Abstract
Aim and background:
A stability-indicating gradient reverse phase liquid chromatographic (RP-LC) method was developed for the quantitative determination of related substances of guaifenesin in pharmaceutical formulations.
Materials and methods:
The baseline separation for guaifenesin and all impurities was achieved by utilizing a Water Symmetry C18 (150 mm × 4.6 mm) 5 μm column particle size and a gradient elution method. The mobile phase A contains a mixture of 0.02 M KH2PO4 (pH 3.2) and methanol in the ratio of 90:10 v/v, while the mobile phase B contains 0.02 M KH2PO4 (pH 3.2) and methanol in the ratio of 10:90 v/v, respectively. The flow rate of the mobile phase was 0.8 ml/min with a column temperature of 25°C and detection wavelength at 273 nm.
Results:
Guaifenesin was subjected to the stress conditions of oxidative, acid, base, hydrolytic, thermal, and photolytic degradation.
Conclusion:
The developed method was validated as per ICH guidelines with respect to specificity, linearity, limit of detection and quantification, accuracy, precision, and robustness.

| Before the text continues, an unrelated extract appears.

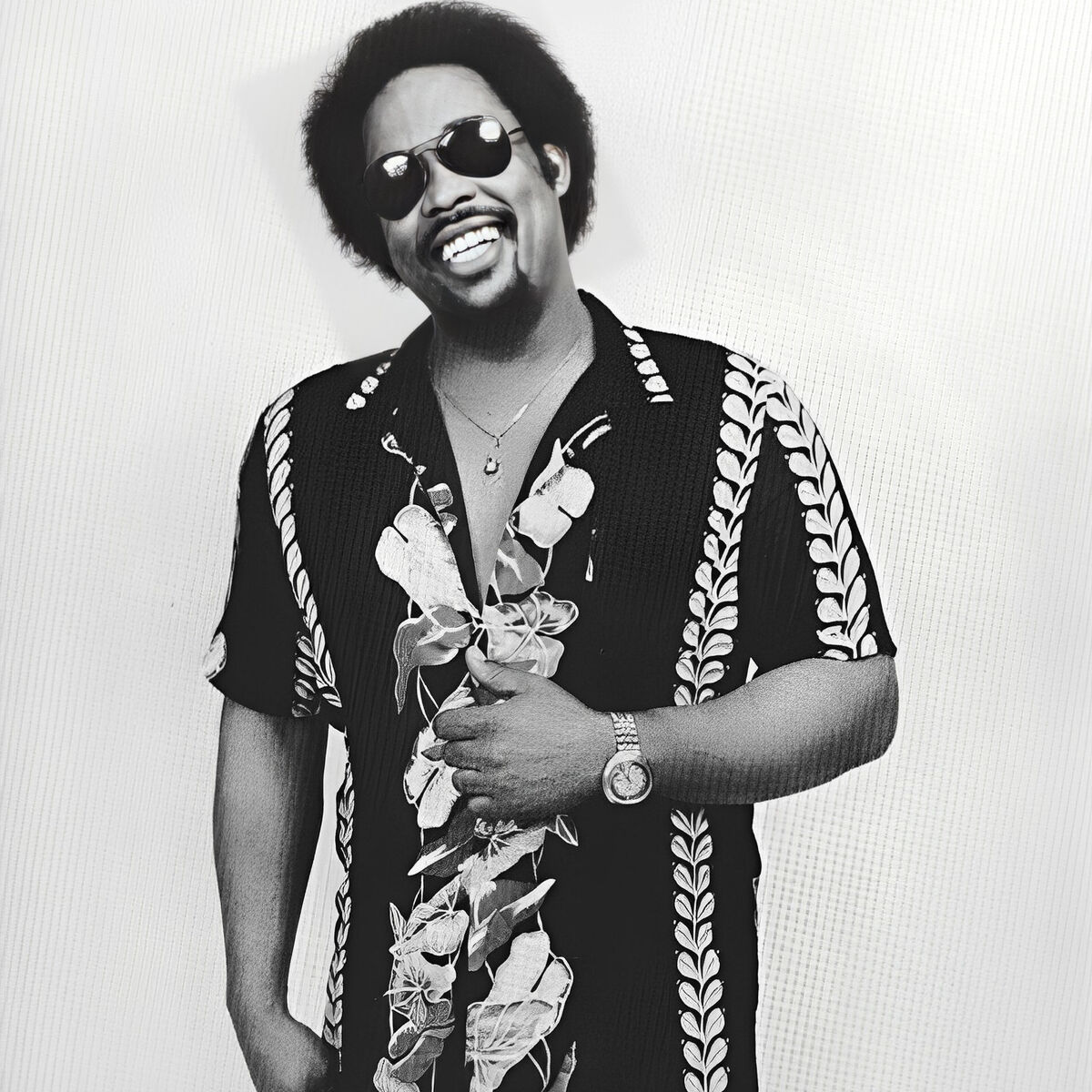 Artist picture of Steve Parks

Keywords: Development, degradation, guaifenesin, impurity, HPLC, stability-indicating, validation
INTRODUCTION
Guaifenesin, (+)-3-(2-methoxyphenoxy)-propane-1,2-diol, is a widely used expectorant, useful for the symptomatic relife of respiratory conditions [Figure 1]. Its empirical formula is C10H14O4, which corresponds to a molecular weight of 198.21. It is a white or slightly gray crystalline substance with a slightly bitter aromatic taste. Its solid oral dosage form is available as extended release tables for oral administration.[1]
Figure 1.
Structures of guaifenesin and its impurities
In the literature survey, there were several LC assay methods have been reported for determination of guaifenesin in pharmaceutical preparation[2–9] and in human plasma by LC-MS.[10–12] So far to our present knowledge, no stability indicating the HPLC method has been reported for the estimation of guaifenesin impurities and degradation products present in pharmaceutical formulation. Hence, we have developed a simple reproducible gradient stability indicating the reverse phase liquid chromatographic (RP-LC) method for the quantitative determination of degradation products and β-isomer and guaiacol impurities [Figure 1] present in guaifenesin pharmaceutical dosage forms. The developed LC method was validated with respect to specificity, limit of detection and quantification, linearity, precision, accuracy, and robustness. Force degradation studies were performed on the placebo and drug products to show the stability-indicating nature of the method. These studies were performed in accordance with established ICH guidelines.[13–15]
MATERIALS AND METHODS
Chemicals and reagents
The samples of guaifenesin-extended release tablets and its impurities were supplied by Dr. Reddy's laboratories limited, Hyderabad, India. The HPLC grade methanol and analytical grade KH2PO4 and ortho-phosphoric acid were purchased from Merck, Mumbai, India. High purity water was prepared by using Millipore Milli-Q Plus water purification system (Millipore, Milford, MA, USA).
Equipments
The chromatography analysis was performed using Waters Alliance 2695 separation module (Waters Corporation, Milford, USA) equipped with 2489 UV/visible detector or 2998 PDA detector (for specificity and forced degradation studies), degasser, quaternary pump, and auto sampler system. The output signals were monitored and processed using Empower 2 software. Cintex digital water bath was used for hydrolysis studies. Photo-stability studies were carried out in the photo-stability chamber (Sanyo, Leicestershire, UK). Thermal stability studies were performed in a dry air oven (Cintex, Mumbai, India). The pH of the solutions was measured by a pH meter (Mettler-Toledo, Switzerland).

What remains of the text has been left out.